WORK INSTRUCTIONS -
Reproduce only the lines below from the line containing "T3 — photo 3" to the line containing "NC 28403, USA", exactly as written, with both end lines kept. Omit the pictures.

MATERIAL TO PROCESS -

______

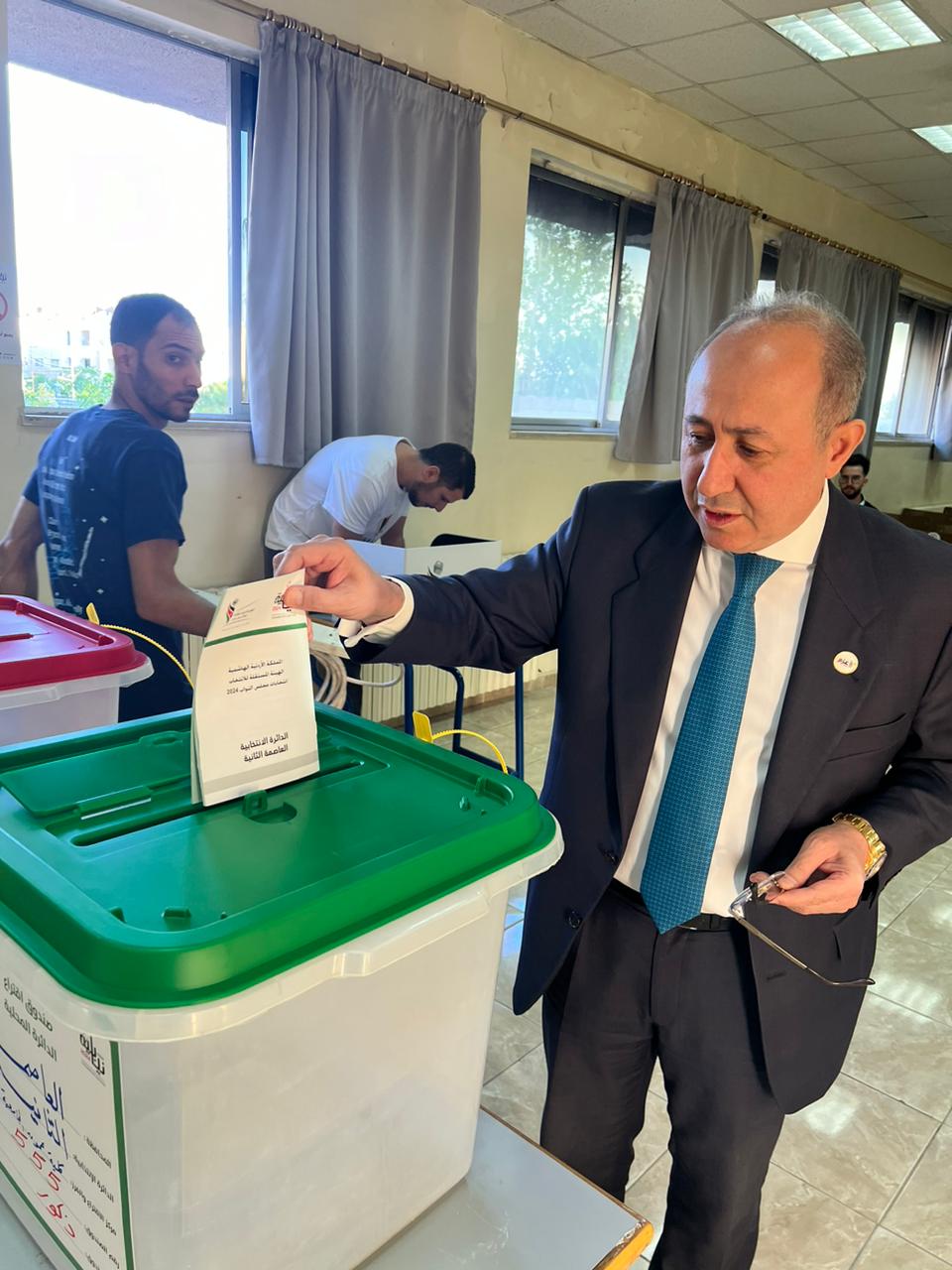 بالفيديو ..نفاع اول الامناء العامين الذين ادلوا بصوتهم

______

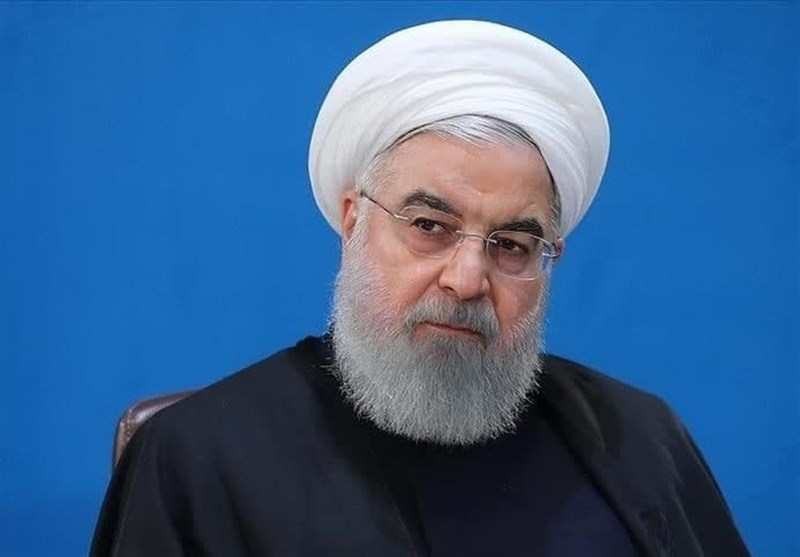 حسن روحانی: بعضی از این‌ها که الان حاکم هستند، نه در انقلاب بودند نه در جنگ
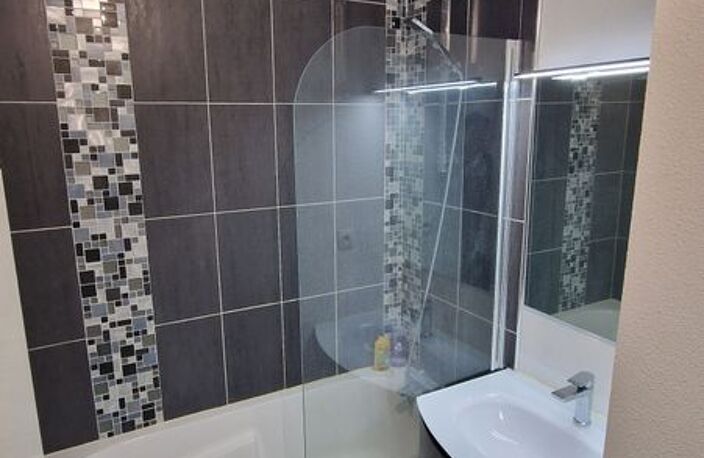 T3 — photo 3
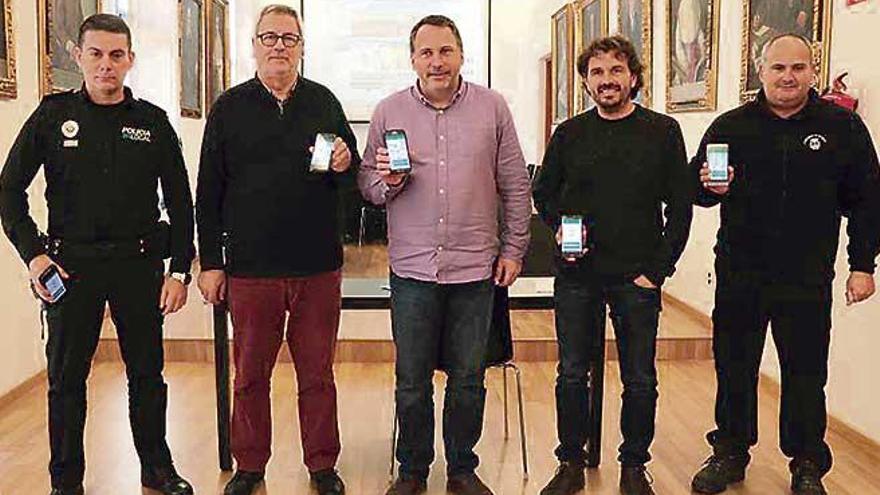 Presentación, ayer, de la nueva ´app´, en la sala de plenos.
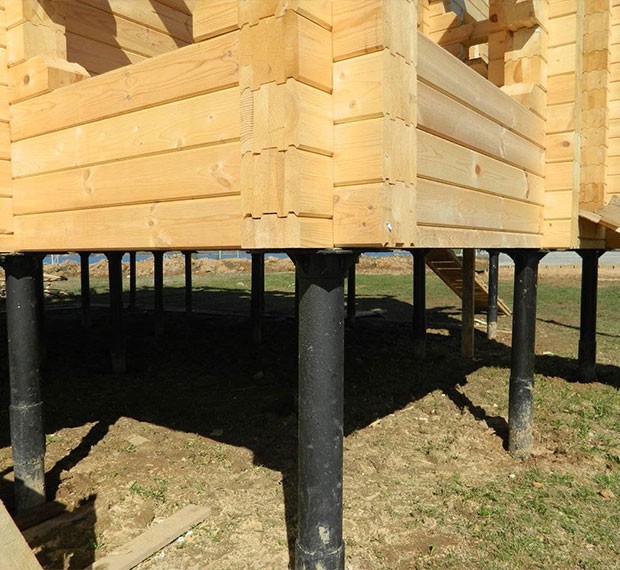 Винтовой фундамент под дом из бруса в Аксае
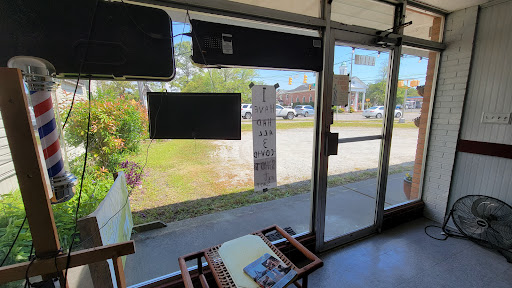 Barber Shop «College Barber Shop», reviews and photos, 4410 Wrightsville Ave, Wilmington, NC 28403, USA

______

EXERCISE RESULT -
 T3 — photo 3
 Presentación, ayer, de la nueva ´app´, en la sala de plenos.
 Винтовой фундамент под дом из бруса в Аксае
 Barber Shop «College Barber Shop», reviews and photos, 4410 Wrightsville Ave, Wilmington, NC 28403, USA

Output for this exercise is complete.